▸ **Exercise goal**
The result should be the listing below, restated exactly, with its pictures left out.

▸ **Records for this task**
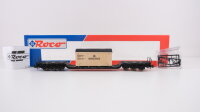 Roco H0 47740 Schwerlastwagen mit Kiste (Krauss-Maffei) DB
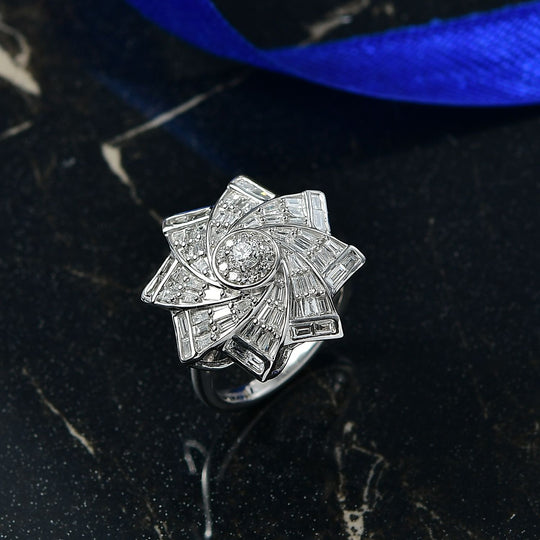LUXURIANT DIAMOND - Lab Grown Diamant SI-GH SGL zertifiziert Ring 925 Silber rhodiniert (Größe 21.00) ca. 1.00 ct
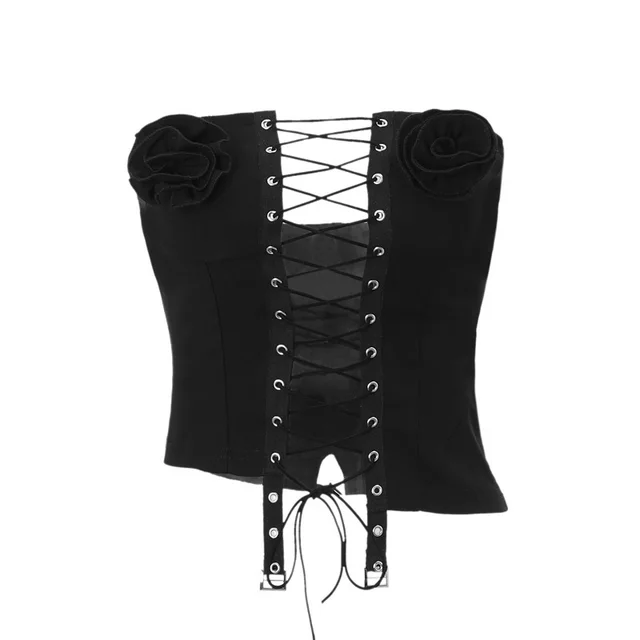 Sexy Off the shoulder Tube Top Top Low Waist Skirt Black Top - Shop at LoveMi
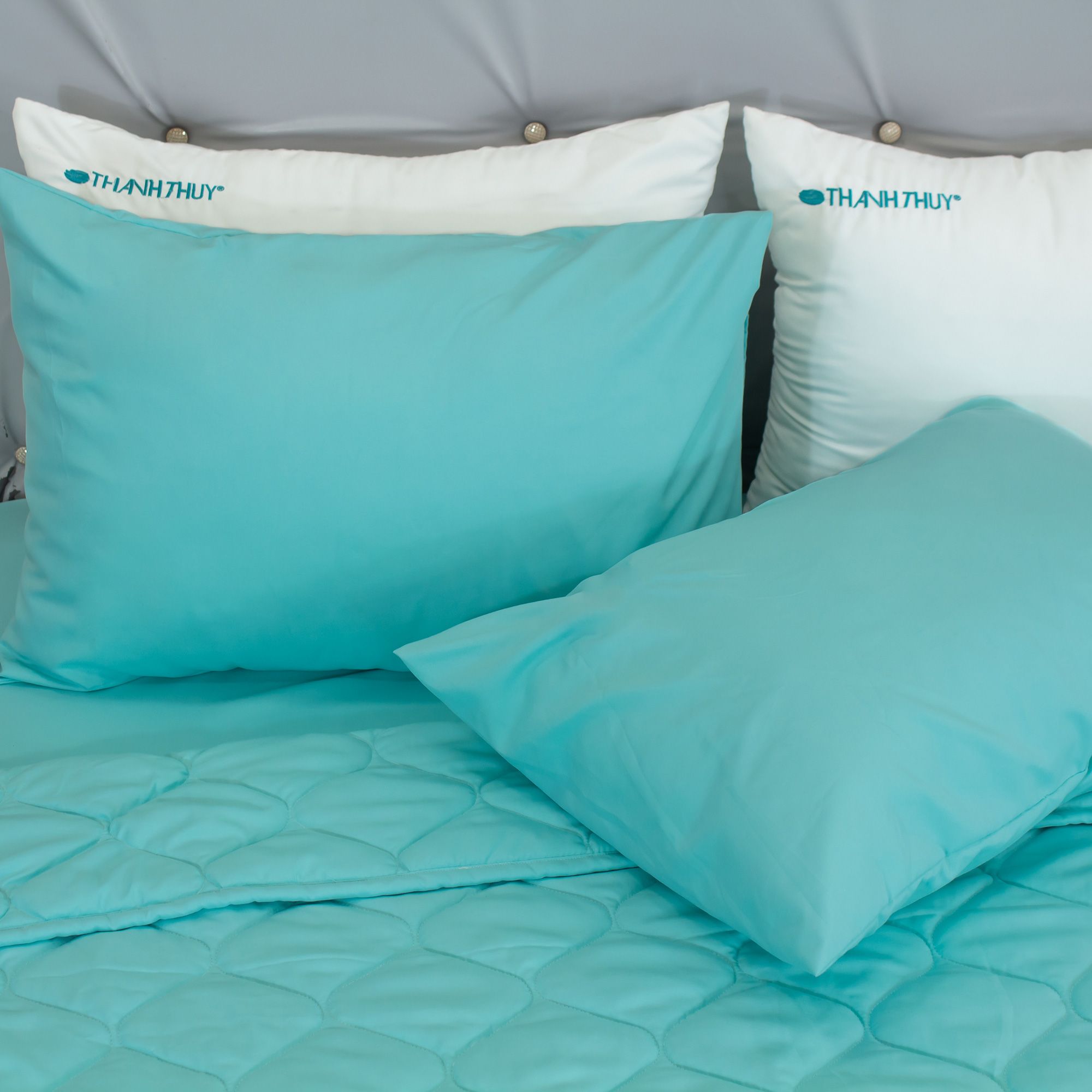  Bộ Ga Bọc Microfiber Chevery Màu Lý (NS) 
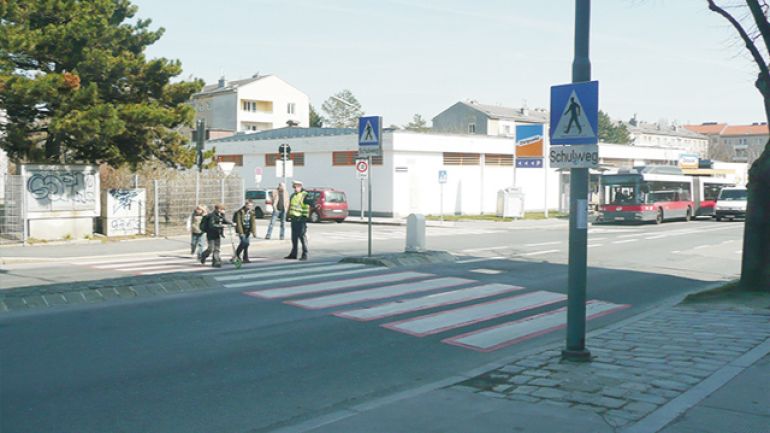 copyright: AUVA Kreuzungsbereich Krottenbachstraße – Gustav-Pick-Gasse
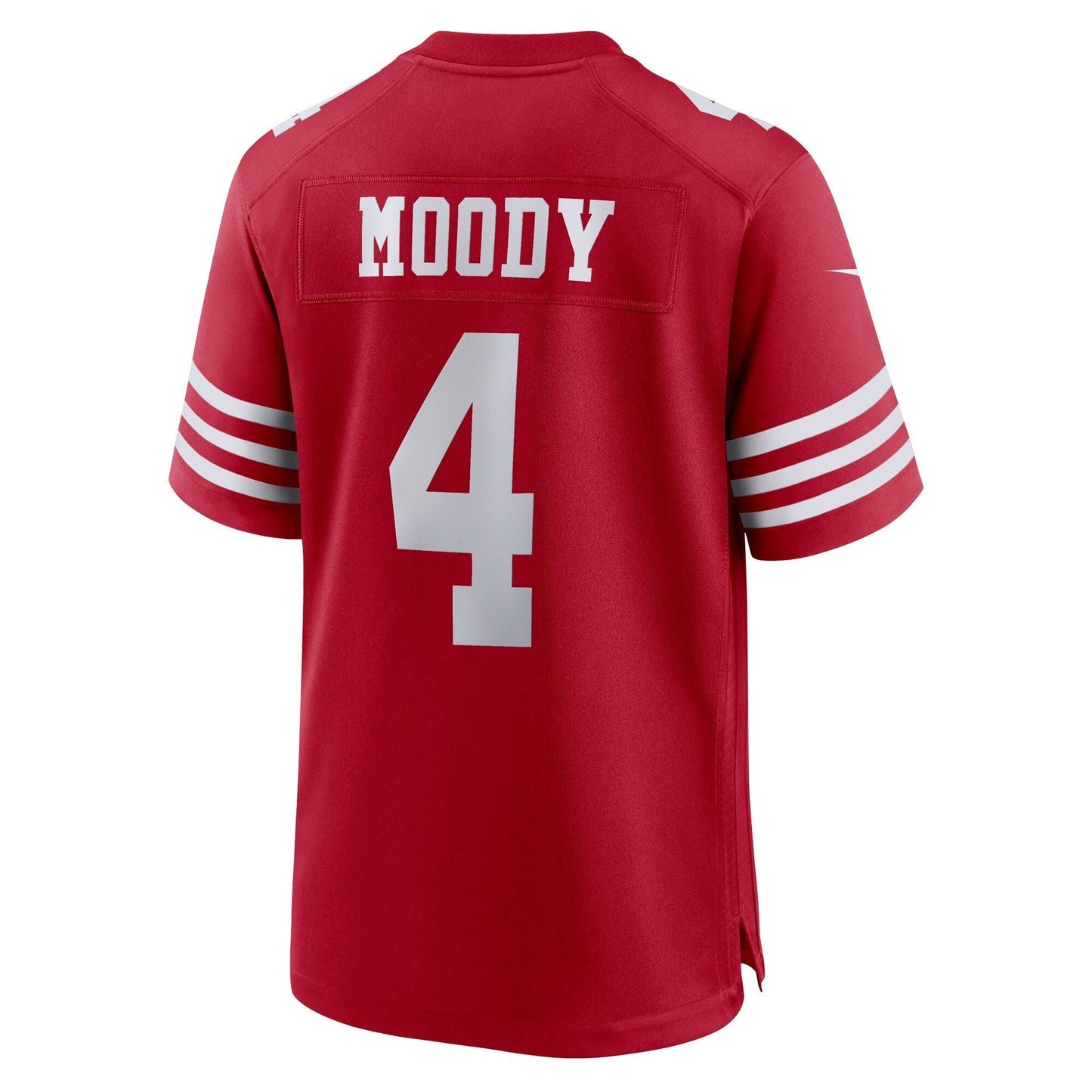 Jake Moody San Francisco 49ers Team Game Jersey - Scarlet football jersey product view 3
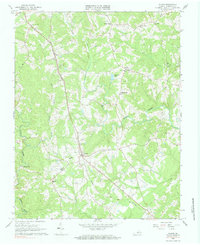preview thumbnail of historical topo map of Campbell County, VA in 1966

▸ **Task output**
 Roco H0 47740 Schwerlastwagen mit Kiste (Krauss-Maffei) DB
LUXURIANT DIAMOND - Lab Grown Diamant SI-GH SGL zertifiziert Ring 925 Silber rhodiniert (Größe 21.00) ca. 1.00 ct
 Sexy Off the shoulder Tube Top Top Low Waist Skirt Black Top - Shop at LoveMi
  Bộ Ga Bọc Microfiber Chevery Màu Lý (NS) 
 copyright: AUVA Kreuzungsbereich Krottenbachstraße – Gustav-Pick-Gasse
 Jake Moody San Francisco 49ers Team Game Jersey - Scarlet football jersey product view 3
preview thumbnail of historical topo map of Campbell County, VA in 1966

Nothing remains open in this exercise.